I optimized Phase 0 for five things, in order: (1) supply-chain integrity of codewizard-sherpa itself (lockfile, hash-pinning, signed CI, no transitive surprise); (2) least-privilege filesystem and process posture for the CLI (no recursive walks above the analyzed repo, no implicit network egress, subprocess allowlist baked in from day one); (3) safe-by-default secret handling (no probe ever writes a credential to .codegenie/, the cache, or stdout); (4) audit trail discipline (every probe run is logged with provenance; nothing is "silently skipped"); (5) a probe-output trust boundary (probes return data, never executable artifacts, and the schema enforces this structurally).
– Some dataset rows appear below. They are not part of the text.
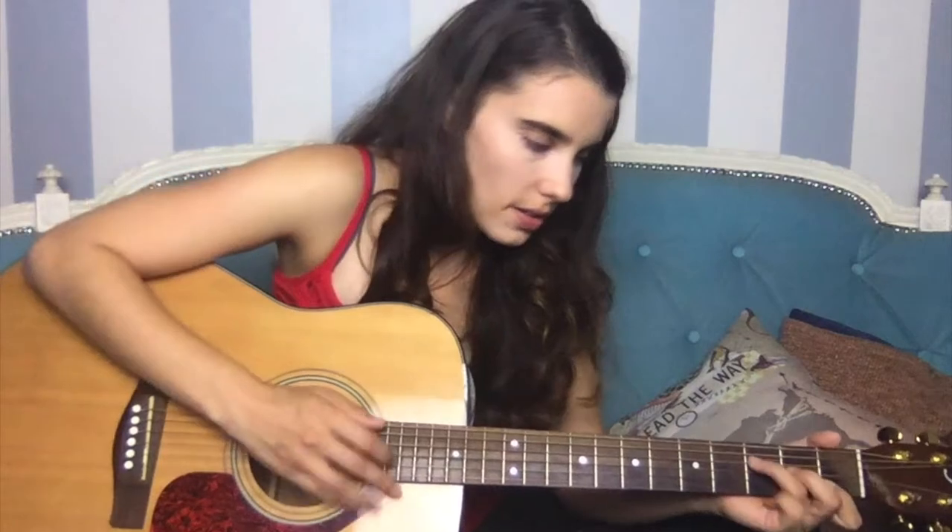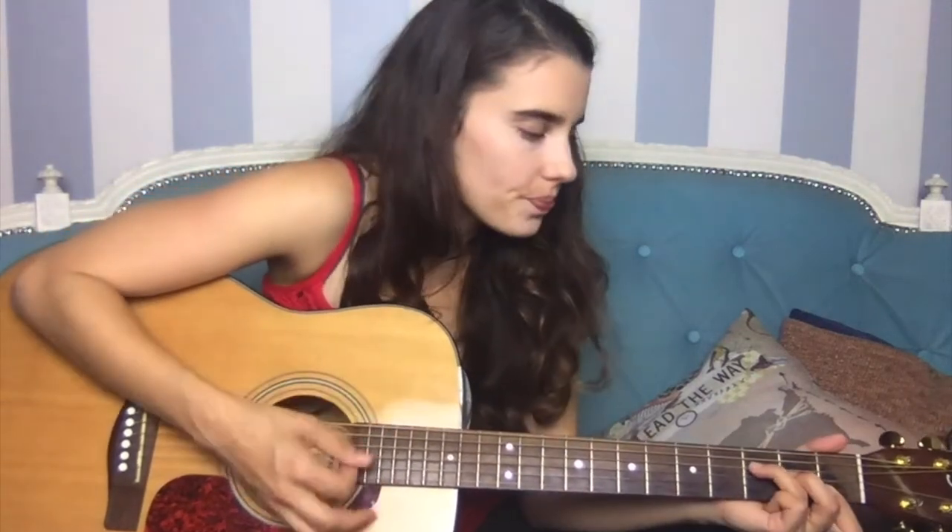Then back into another pre-chorus, but it's kind of a sort of a half one — it's broken down. It goes: 'and if we try to go back, go back, we couldn't change it, no we couldn't change it, I know that' — then into the chorus.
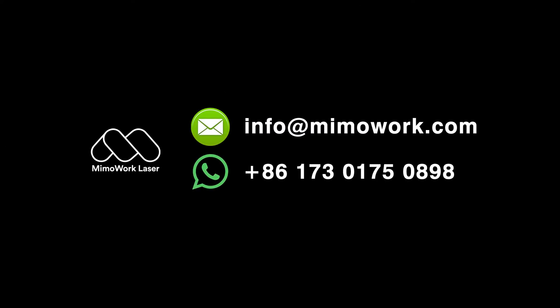Leave your comment below if you are interested. You can always send us information to get more details on the machines.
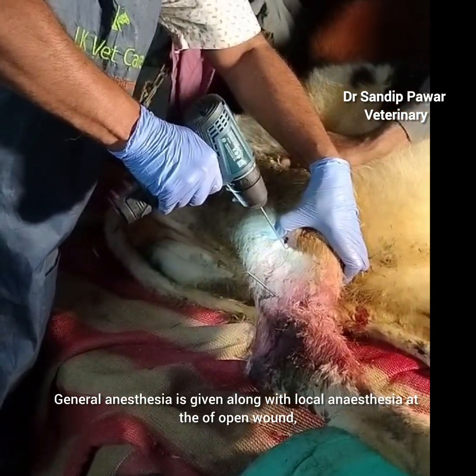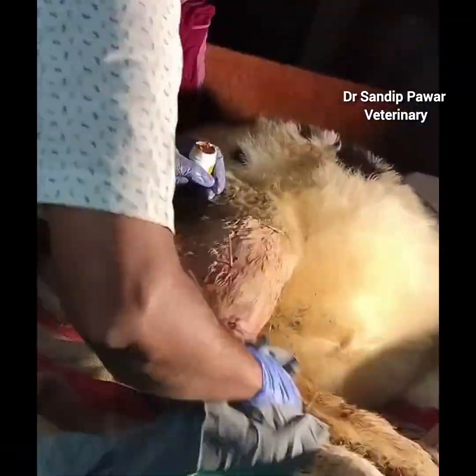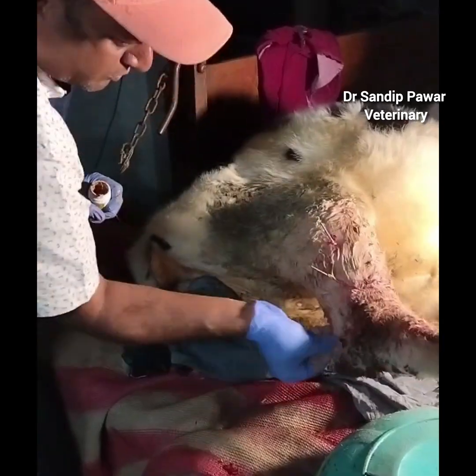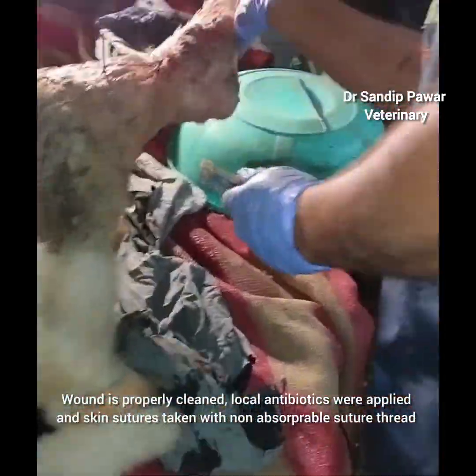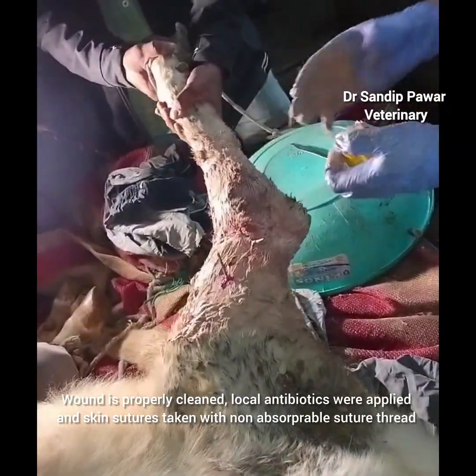General anesthesia was given along with local anesthesia at the site of the open wound. The wound was properly cleaned, local antibiotics were applied, and skin sutures were taken with non-absorbable suture thread.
I deliberately accept friction in three places: contributor onboarding (signing commits, hash-pinned deps, restricted CI runners are all extra steps), implementation speed (a subprocess allowlist and an output sanitizer in Phase 0 is over-engineering for one probe — but every subsequent phase adds probes that shell out, and retrofitting an allowlist is impossible once the codebase has 50 callsites), and developer ergonomics (the cache directory's permissions are 0700, not 0755). I deprioritize: marketing-friendly error messages, fancy progress UIs, anything that requires phoning home to a metrics endpoint.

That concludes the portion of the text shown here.